Italie · 13e Siècle
En 1227, saint Antoine de Padoue (qui était en réalité originaire de Lisbonne, Portugal, mais est appelé « de Padoue » parce qu'il y est mort) prêchait dans la ville de Rimini sur la côte adriatique de l'Italie. Rimini comptait à cette époque une population importante d'hérétiques cathares, une secte dualiste qui rejetait de nombreuses doctrines catholiques, notamment la Présence réelle du Christ dans l'Eucharistie. Les Cathares croyaient que la matière était mauvaise et l'esprit bon ; c'est pourquoi ils niaient que Dieu puisse être vraiment présent dans le pain et le vin matériels. Saint Antoine, l'un des plus grands prédicateurs et théologiens de l'Église, avait été envoyé pour combattre cette hérésie par sa prédication.
Parmi les hérétiques de Rimini se trouvait un homme nommé Bonovillo (appelé aussi Bonvillo), qui s'opposait particulièrement vocalement à l'Eucharistie.

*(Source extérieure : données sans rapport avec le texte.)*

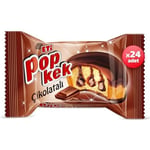 Eti Popkek Çikolatalı Kek 60 g x 24 Adet Kahverengi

Bonovillo provoqua publiquement saint Antoine en proposant ce qu'il considérait comme un test impossible qui prouverait que les enseignements du saint étaient faux. La plus ancienne biographie de saint Antoine, intitulée « L'Assidua » (L'Infatigable), écrite peu après sa mort, préserve les paroles exactes de Bonovillo : « Je croirai à l'Eucharistie si mon âne, après avoir jeûné pendant trois jours, adore l'Hostie que vous me présentez plutôt que de manger le fourrage que je lui donne. »

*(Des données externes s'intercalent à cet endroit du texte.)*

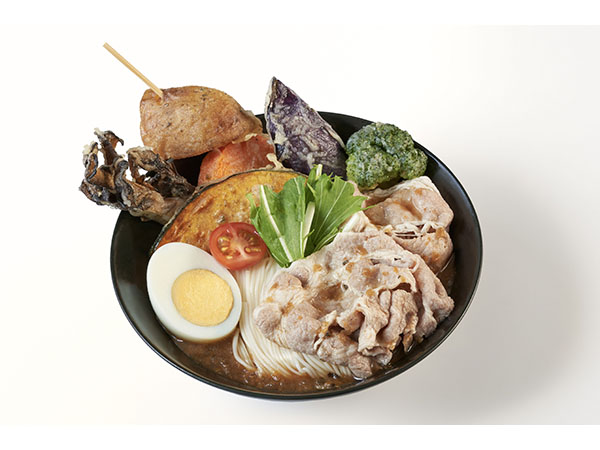【東京都】素麺×スパイシーカレー「乾麺グランプリ2024」1位受賞メニューがワインバーに登場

Le défi de Bonovillo reposait sur l'hypothèse qu'un animal affamé choisirait naturellement la nourriture plutôt qu'un morceau de pain qui – selon la croyance de l'hérétique – ne contenait rien de particulier. Il était confiant que son âne ignorerait l'Hostie et mangerait le foin, réfutant ainsi la Présence réelle. Saint Antoine, ayant une confiance absolue en la vérité de l'enseignement catholique et en la puissance de Dieu de manifester cette vérité, accepta le défi.

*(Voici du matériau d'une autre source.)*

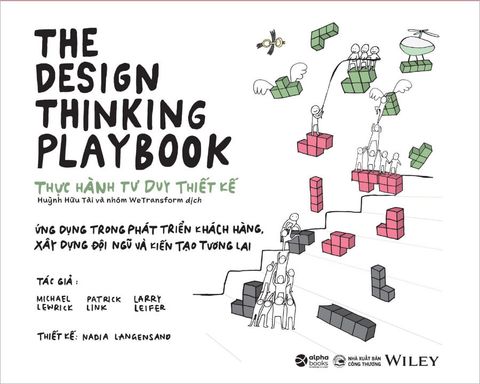 Thực Hành Tư Duy Thiết Kế - Ứng Dụng Trong Phát Triển Khách Hàng, Xây Dựng Đội Ngũ Và Kiến Tạo Tương Lai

Le jour et l'heure convenus, saint Antoine et Bonovillo se rencontrèrent dans la Grande Piazza de Rimini (aujourd'hui appelée la Piazza Tre Martiri ou Piazza des Trois Martyrs). Une grande foule s'assembla – saint Antoine était suivi par les fidèles catholiques qui priaient pour un miracle, tandis que Bonovillo était accompagné par ses compagnons hérétiques qui s'attendaient à voir le saint humilié. La tension était palpable. Saint Antoine tenait entre ses mains l'Hostie consacrée contenue dans un ostensoir, le soleil scintillant sur le vase doré. Bonovillo tenait les rênes de son âne, qui avait en effet été privé de nourriture pendant trois jours complets et était visiblement affamé. L'hérétique portait aussi du foin frais et du grain – la nourriture la plus tentante pour l'animal affamé.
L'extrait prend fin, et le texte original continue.